Cependant, on peut observer que le défaut d'ambition est davantage marqué lors de l'entrée dans l'enseignement supérieur, puisque les lycéennes des filières scientifiques et techniques choisissent dans une proportion moindre que les garçons d'intégrer des formations sélectives.

Dans la dernière édition de son « Portrait social de la France », dont un chapitre est consacré au devenir des bacheliers, l'INSEE concluait ainsi :

« Ainsi, si on estime « toutes choses égales par ailleurs » l'effet des différentes caractéristiques des bacheliers S sur leur probabilité d'entrer en classe préparatoire, il apparaît que de toutes les caractéristiques socio-démographiques, le sexe est le seul à avoir une influence significativement forte : à niveau scolaire et social égal, une fille aura une plus faible probabilité de s'orienter vers une CPGE qu'un garçon. La même situation s'observe à l'entrée en IUT ; le sexe est le facteur qui pèse le plus « toutes choses égales par ailleurs » sur le choix d'un IUT par un bachelier général ou technologique ».

L'objectif n° 2 : « Accroître les efforts spécifiques nécessaires à la réussite scolaire des élèves en zones difficiles et des élèves à besoins éducatifs particuliers »

Les cinq indicateurs associés à cet objectif font écho aux indicateurs associés au même objectif dans le programme « Enseignement scolaire public du premier degré », ce dont votre rapporteur spécial se félicite au titre de la cohérence entre programmes.
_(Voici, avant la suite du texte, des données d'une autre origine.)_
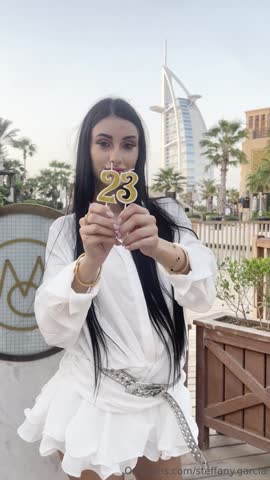 Video by Steffany Garcia porn video - Secreto Mio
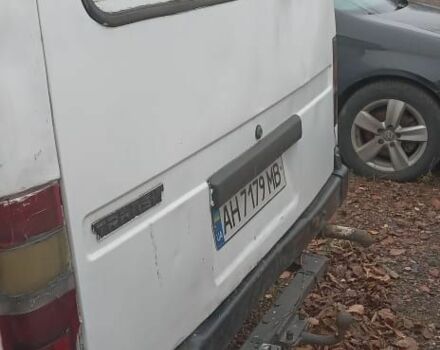 Белый Форд Транзит, объемом двигателя 0 л и пробегом 1 тыс. км за 1200 $, фото 3 на Automoto.ua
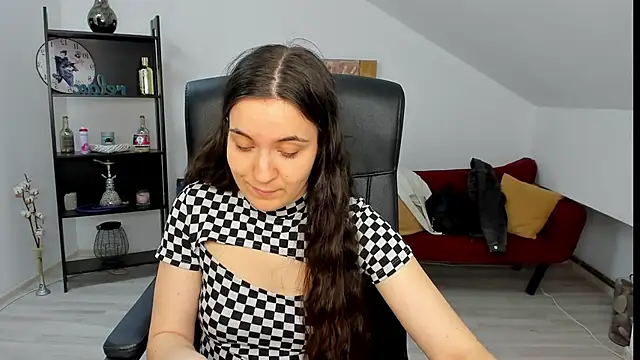 MelissaWiliam online show from 06/02/26, 11:01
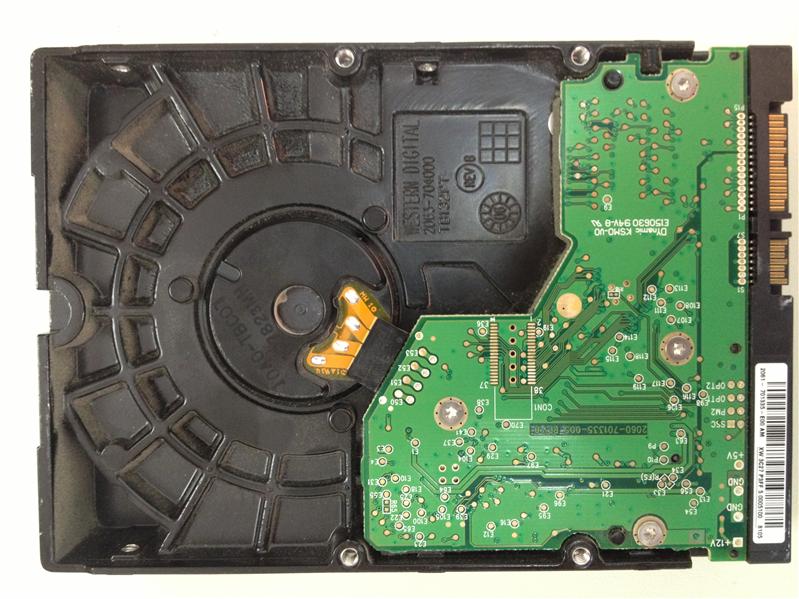 WD800JD-75MSA3 - 09-Sep-2007 - WD-WMAM9VA32149 - photo-2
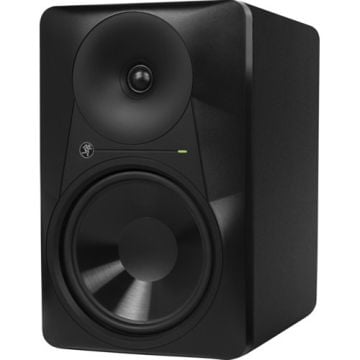 Mackie MR824 - 8" 2-Way Powered Studio Monitor (Single)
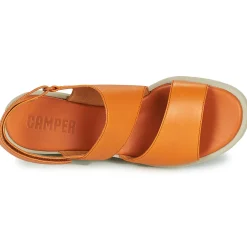 Camper - KIR0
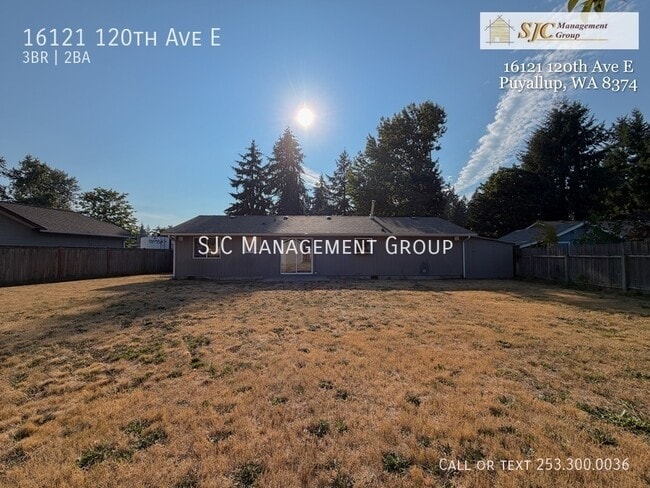 Building Photo - 16121 120th Ave E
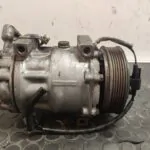 COMPRESOR AIRE ACONDICIONADO 108371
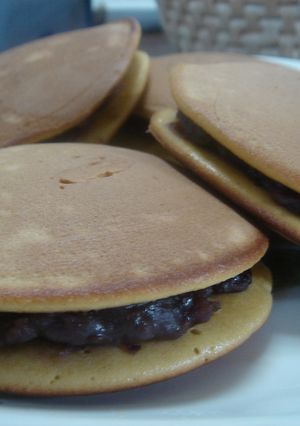 ◎どら焼き◎-レシピのメイン写真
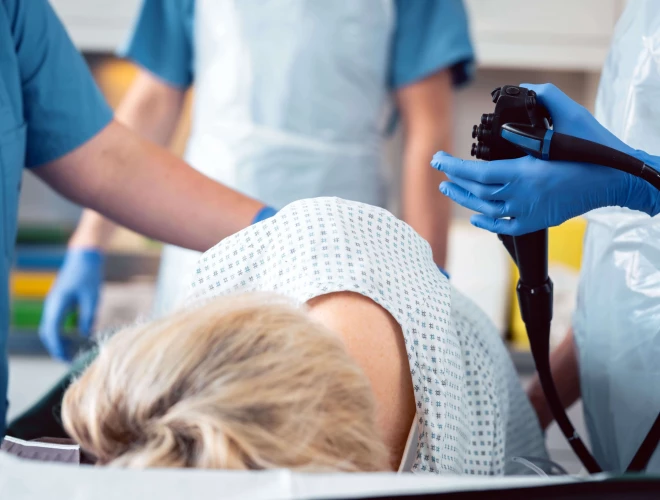 Krwawienie z odbytu – przyczyny, diagnostyka i leczenie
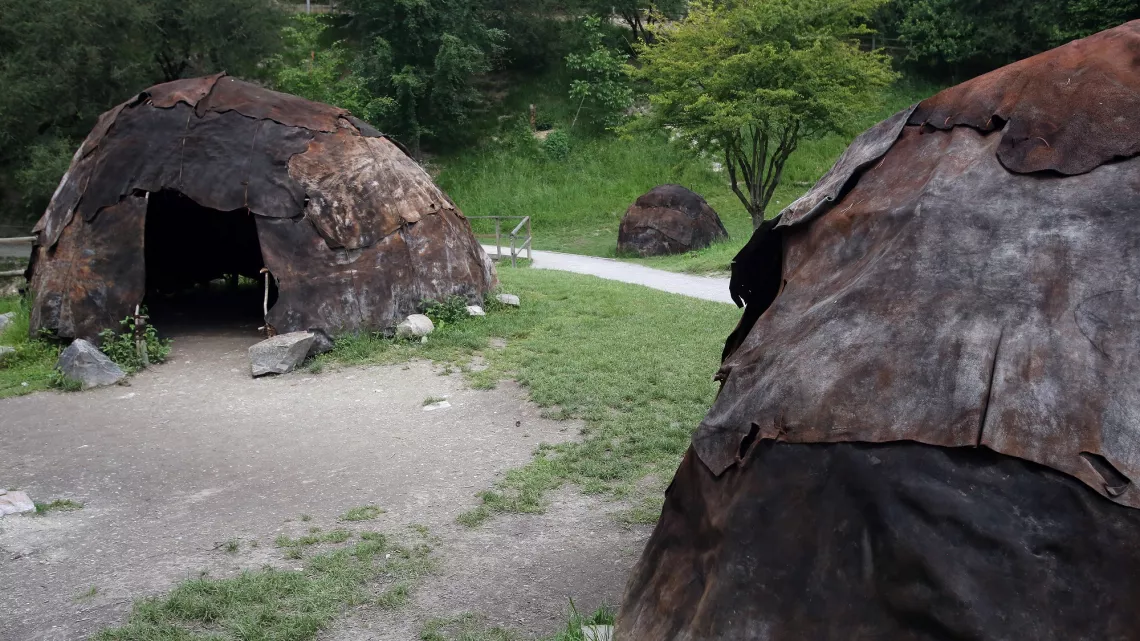 Picardie, berceau de l'archéologie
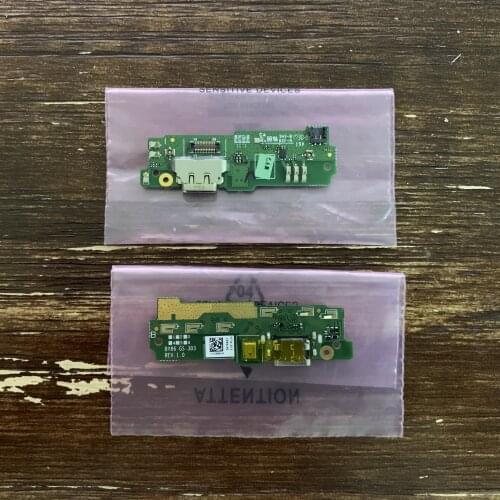 OEM Charging Port PCB Board for Sony Xperia XA1 Ultra G3221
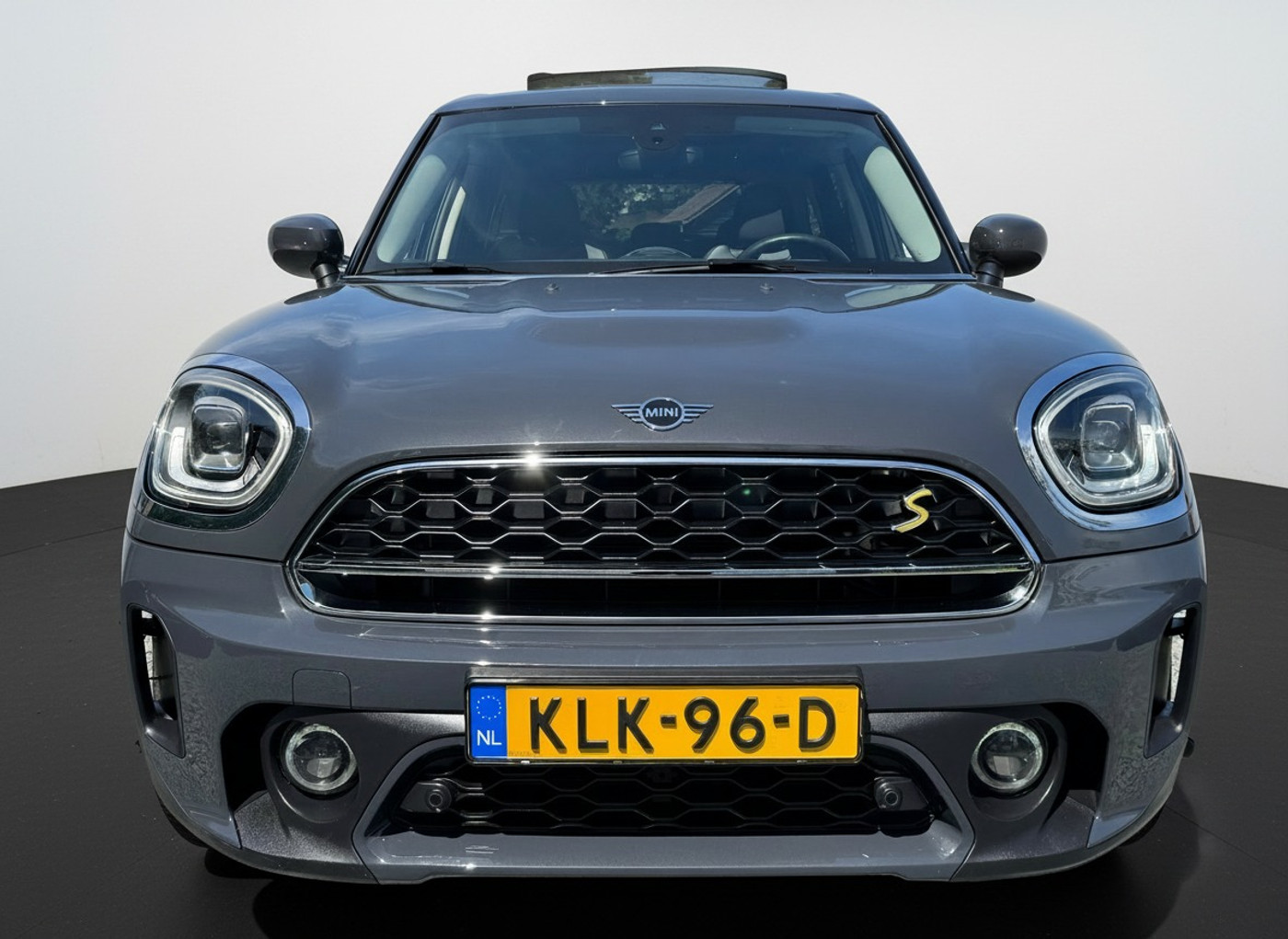 Foto van Mini Countryman Cooper Se All4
Ils appellent par conséquent les mêmes observations.

L'objectif n° 3 : « Diversifier les modalités de formation professionnelle »

Les deux indicateurs associés à cet objectif sont le taux d'obtention d'une certification (CAP, BEP, Bac pro, BTS) à l'issue d'une formation par apprentissage ainsi que l'impact des actions d'insertion des jeunes de plus de 16 ans . Ces indicateurs sont, dans leur principe, satisfaisants.

L'objectif n° 4 : « Favoriser la poursuite d'études ou l'insertion professionnelle des jeunes à l'issue de leur scolarité secondaire »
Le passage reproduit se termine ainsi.